In order to understand how to operate the “COPY_ONLY” option and its nature, let’s consider the following example. Assume that a full database backup starts at 00:00 once a day and a differential backup starts every six hours. On the picture below you can see what database changes (marked as pages) are included into each of database backups shown on the picture.

Backup (Full+Diff) (1)

Assume that there is a need to make an extra full database backup to retrieve it on another server. Suppose that this backup is done after the database change #4. If the full backup is made without T-SQL option “COPY_ONLY”,  the differential backup that was made after such full backup will no longer contain changes #1, #2, #3 and #4:

Without COPY_ONLY (1)

The picture above shows that the full backup that was made after the database change #4 has disrupted the backup schedule set by the user (marked as green arrows). The following two differential backups that were made according to the schedule at 12:00 and 18:00 completely depended on the last extra full backup (marked as red arrows). If the last full database backup that was made after database change #4 is not saved and the database failure occurs, the best way out is to restore the database to the database change#3 state (06:00). All changes that are highlighted in red will be lost.

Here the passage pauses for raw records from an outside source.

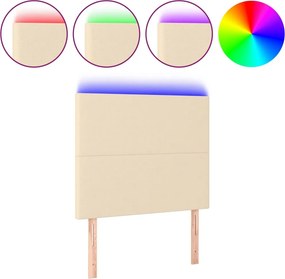 vidaXL krémszínű szövet LED-es fejtámla 100x5x118/128 cm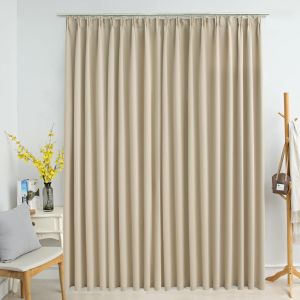 Cortina opaca con ganchos beige 290x245 cm es2362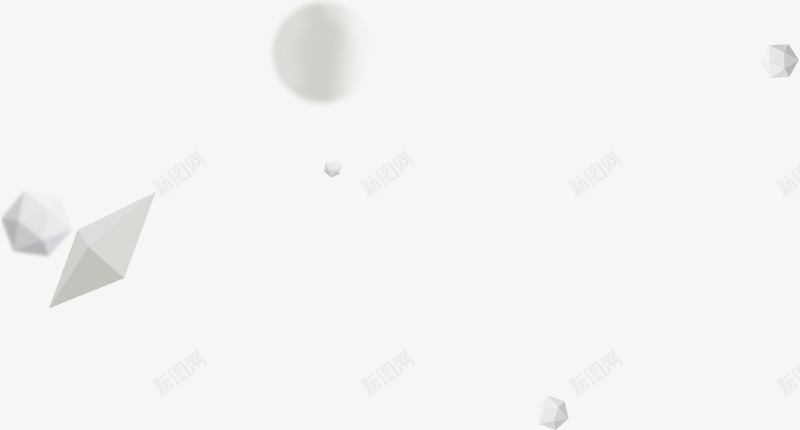 可爱漂浮多边形立体白色png免抠素材_新图网 https://ixintu.com 白色 不规则图形 多边形 可爱 漂浮 装饰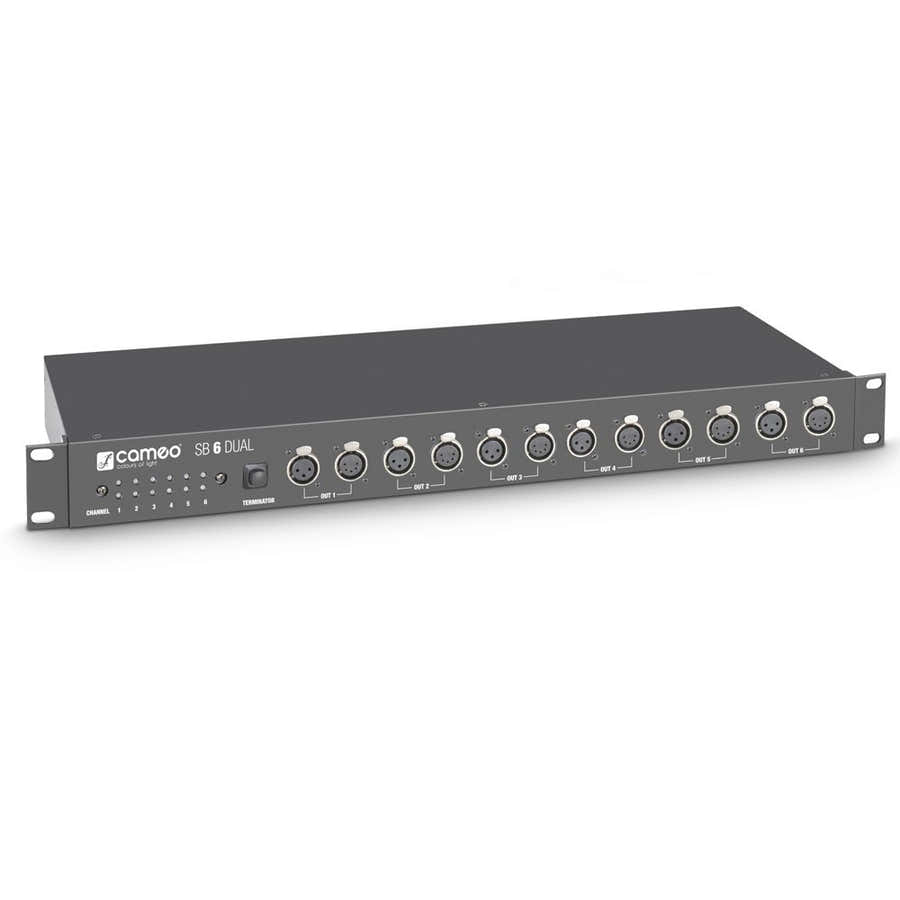 SB 6 Dual - SPLITTER-booster DMX 6 Canaux (XLR 3 Points et XLR 5 Points)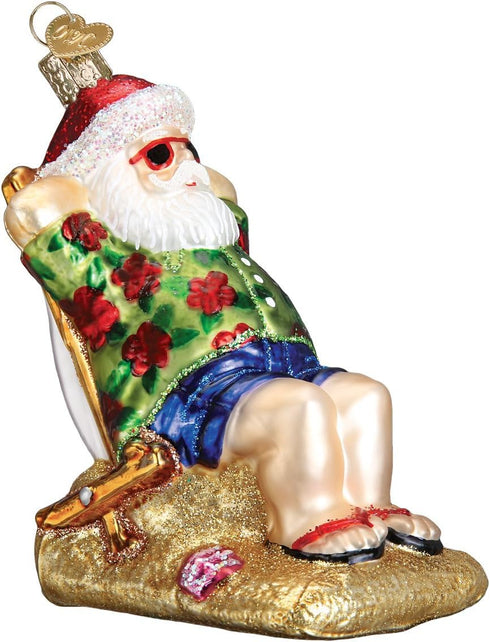 Old World Christmas Ornaments Sunning Santa Glass Blown Ornaments for Christmas Tree...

To make a full database backup and thus keep backups schedule safe and sound, it is necessary to use “COPY_ONLY” option. In this case, the database backup sequence will not be broken and the full backup will be available.With COPY_ONLY (1)

Copy-only Transaction Log Backup

You can use COPY_ONLY option with transaction log backups as well (note though that they are suitable for full or bulk-logged recovery models). If you need to make an extra transaction log backup and not to break the backup chain, then use “WITH COPY_ONLY” option, otherwise if the backup file is lost the restore process will not be possible. It has to be admitted that “WITH NO_TRUNCATE” option does not truncate the transaction log too.

How to Make a Copy-only Backup

To make a copy-only backup simply add “COPY_ONLY” clause to BACKUP DATABASE command:

BACKUP DATABASE your_database TO DISK = 'full.bak' WITH COPY_ONLY

Another way of making copy-only backup is using SQL Server Management Studio (SSMS): right click on the database you want to backup, select “Tasks”, then “Back up…”. Select type option as “Full”, check the “Copy-only backup” checkbox, add backup destination, and then click “OK”.

If you use SqlBackupAndFtp to schedule your database backups, please click “more settings…” and scroll down to the “Backup options”, then check off “Copy Only”.